> **EXERCISE PROMPT**
Your task is to retype, exactly and with nothing else, every line from the one containing "Camel Active новинка" to the end of the listing.

··········

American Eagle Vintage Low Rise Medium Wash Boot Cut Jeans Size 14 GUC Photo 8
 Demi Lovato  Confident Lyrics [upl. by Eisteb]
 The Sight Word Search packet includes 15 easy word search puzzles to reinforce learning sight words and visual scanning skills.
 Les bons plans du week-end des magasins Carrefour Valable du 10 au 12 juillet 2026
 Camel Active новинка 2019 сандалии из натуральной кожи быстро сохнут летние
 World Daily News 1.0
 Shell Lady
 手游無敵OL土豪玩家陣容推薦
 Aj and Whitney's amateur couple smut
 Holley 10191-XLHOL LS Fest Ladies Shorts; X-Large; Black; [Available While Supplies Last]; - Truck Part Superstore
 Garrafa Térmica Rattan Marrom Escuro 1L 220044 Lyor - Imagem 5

··········

> **RESPONSE FOR THIS EXERCISE**
 Camel Active новинка 2019 сандалии из натуральной кожи быстро сохнут летние
 World Daily News 1.0
 Shell Lady
 手游無敵OL土豪玩家陣容推薦
 Aj and Whitney's amateur couple smut
 Holley 10191-XLHOL LS Fest Ladies Shorts; X-Large; Black; [Available While Supplies Last]; - Truck Part Superstore
 Garrafa Térmica Rattan Marrom Escuro 1L 220044 Lyor - Imagem 5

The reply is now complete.